# [The task]
Write out the lines below once more, exactly as they appear. Do not include pictures.

Short text fragments from websites:
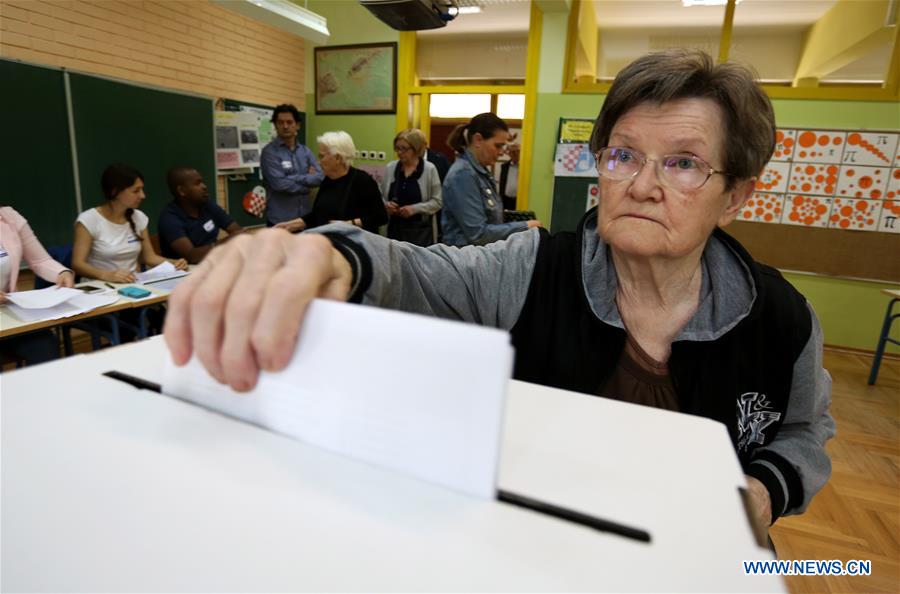 CROATIA-ZAGREB-EUROPEAN PARLIAMENT ELECTIONS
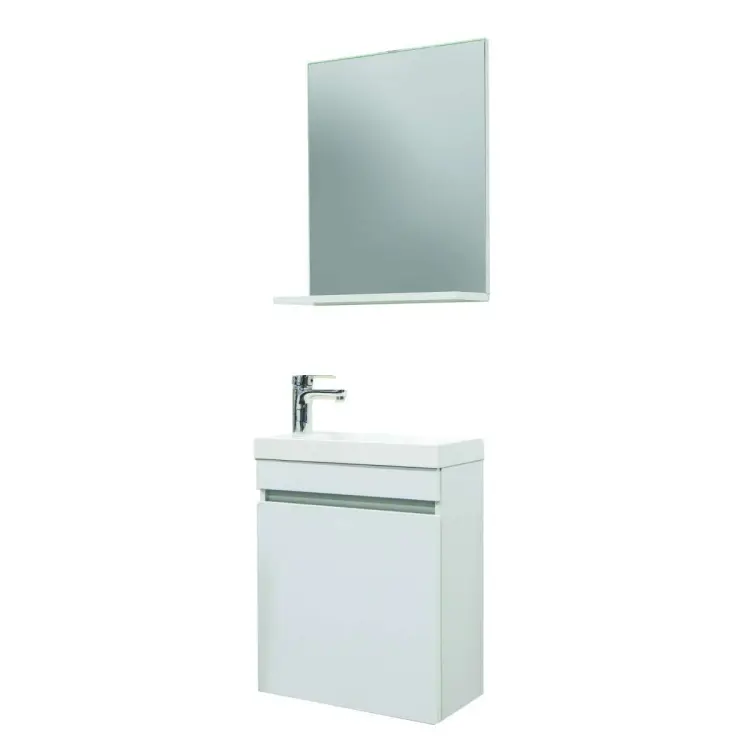 Zestaw mebli łazienkowych NORA WHITE 08396 SANOTECHNIK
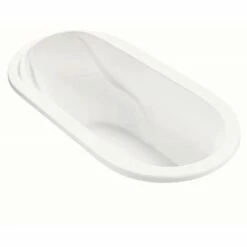 MTI Baths Solitude Dolomatte Drop In Air Bath - White (72X37)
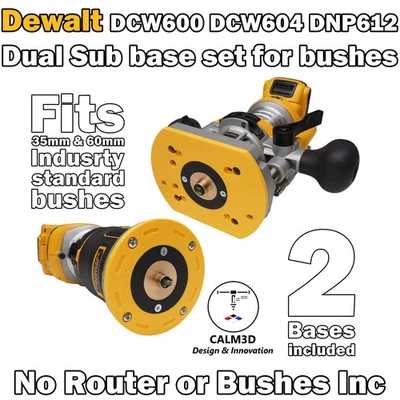 Dewalt DCW600 DCW604 DNP612 Sub-Bases For Trend & Brass Guide Bushes -INC P&P - Image 1 of 4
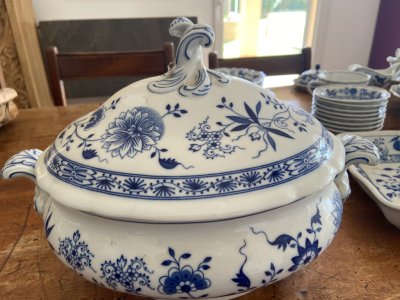 Vajilla Hutschenreuther, Zwiebelmuster (Blue Onion)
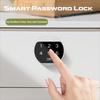 6-Digit Code Password Cabinet Lock Battery Powered RFID IC Card Digital Password Lock Touch Keypad Keyless Design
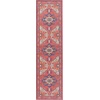 SAFAVIEH Washable Rug Orlando Collection – 5′ x 7’6″, Red & Beige, Non-Shedding & Easy to Clean, Ideal for Living Room, Bedroom, Dining Space (ORL758Q)(Red/Beige)
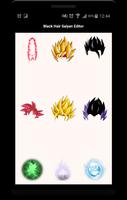 Super Saiyan Editor Black Hair تصوير الشاشة 3
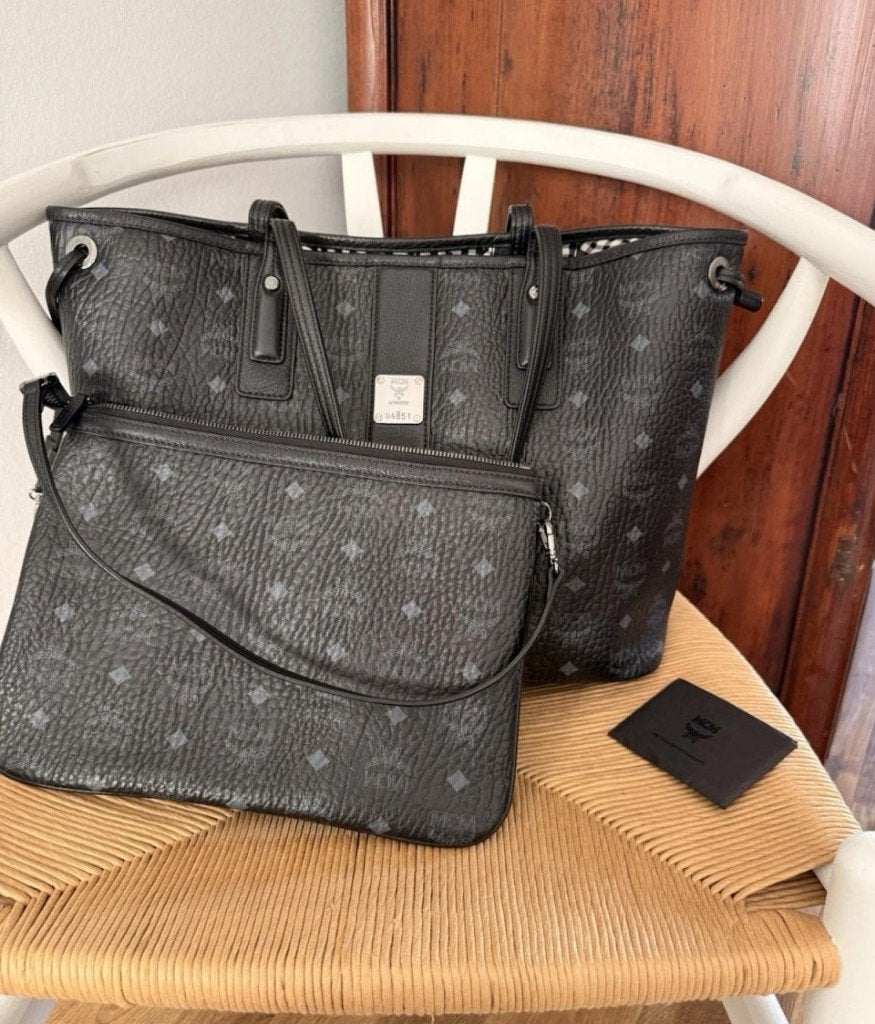 MCM Liz Shopper Medium, Ophalen of Verzenden, Zo goed als nieuw, Zwart, Shopper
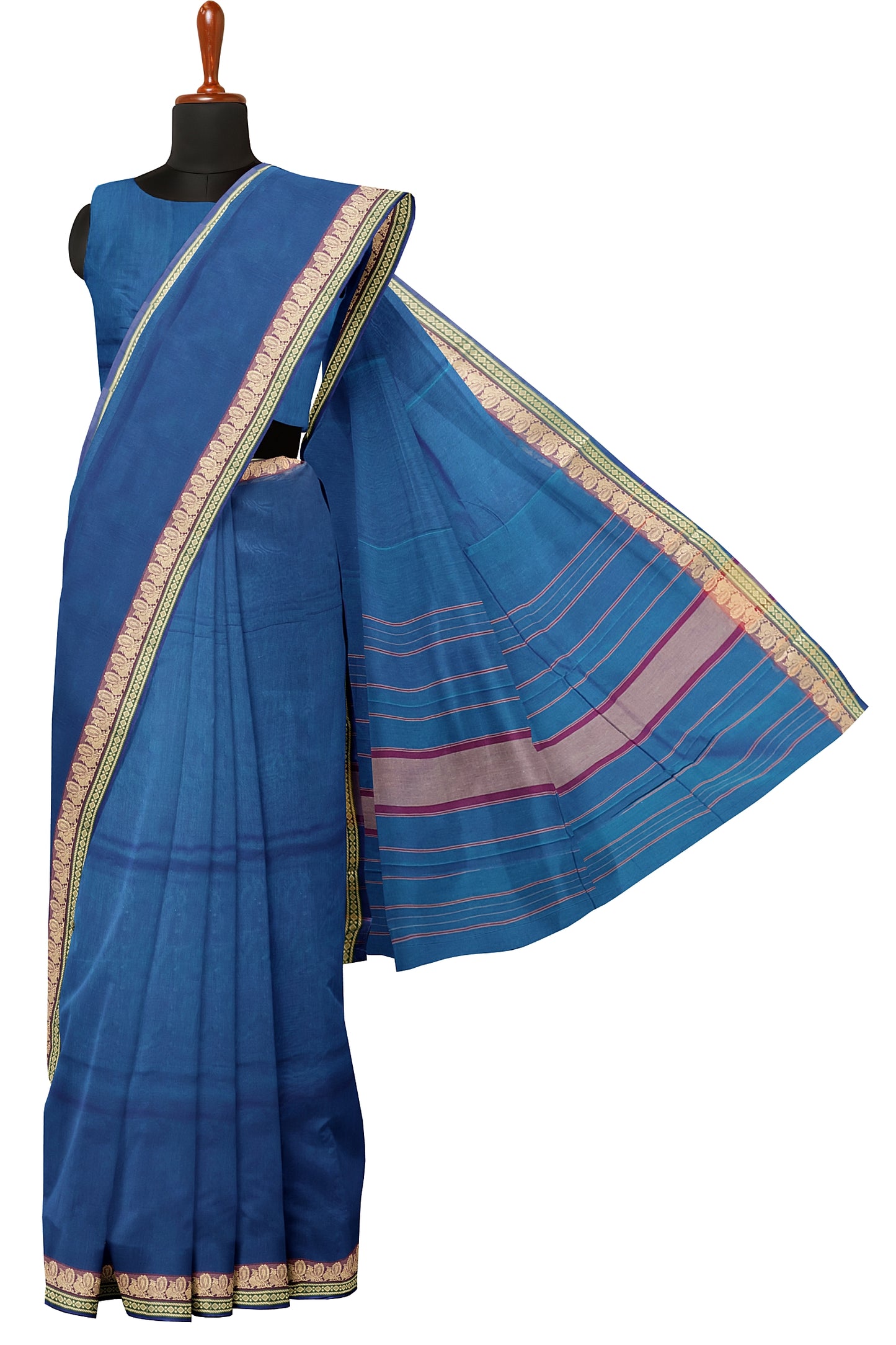 SENSAN Women’s  Kanchi Cotton Saree with Blouse Piece [SKU:739]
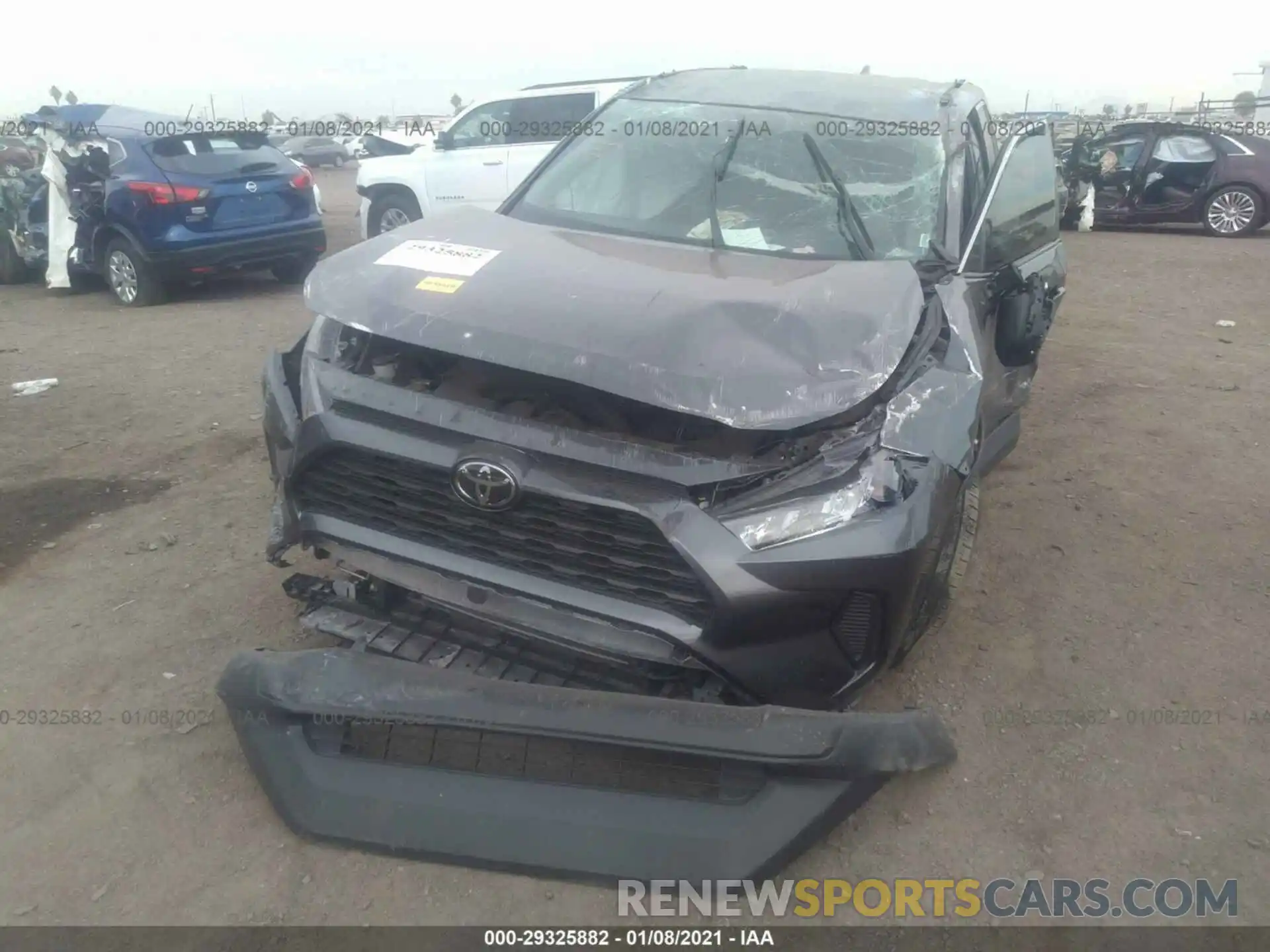 6 Photograph of a damaged car 2T3H1RFV1KC012990 TOYOTA RAV4 2019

# [Completed task]
 CROATIA-ZAGREB-EUROPEAN PARLIAMENT ELECTIONS
 Zestaw mebli łazienkowych NORA WHITE 08396 SANOTECHNIK
 MTI Baths Solitude Dolomatte Drop In Air Bath - White (72X37)
 Dewalt DCW600 DCW604 DNP612 Sub-Bases For Trend & Brass Guide Bushes -INC P&P - Image 1 of 4
 Vajilla Hutschenreuther, Zwiebelmuster (Blue Onion)
 6-Digit Code Password Cabinet Lock Battery Powered RFID IC Card Digital Password Lock Touch Keypad Keyless Design
 SAFAVIEH Washable Rug Orlando Collection – 5′ x 7’6″, Red & Beige, Non-Shedding & Easy to Clean, Ideal for Living Room, Bedroom, Dining Space (ORL758Q)(Red/Beige)
 Super Saiyan Editor Black Hair تصوير الشاشة 3
 MCM Liz Shopper Medium, Ophalen of Verzenden, Zo goed als nieuw, Zwart, Shopper
 SENSAN Women’s  Kanchi Cotton Saree with Blouse Piece [SKU:739]
 6 Photograph of a damaged car 2T3H1RFV1KC012990 TOYOTA RAV4 2019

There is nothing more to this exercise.